Start of Block

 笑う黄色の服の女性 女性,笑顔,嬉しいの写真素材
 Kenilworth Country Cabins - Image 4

End of Block
Start of Block

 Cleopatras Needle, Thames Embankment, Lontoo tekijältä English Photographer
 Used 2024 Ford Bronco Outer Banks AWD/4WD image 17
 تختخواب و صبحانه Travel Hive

End of Block

The response should hold exactly the lines starting at the line with "Used 2024 Ford" and ending at the line with "تختخواب و صبحانه Travel Hive", and no other line of the material above.

 Used 2024 Ford Bronco Outer Banks AWD/4WD image 17
 تختخواب و صبحانه Travel Hive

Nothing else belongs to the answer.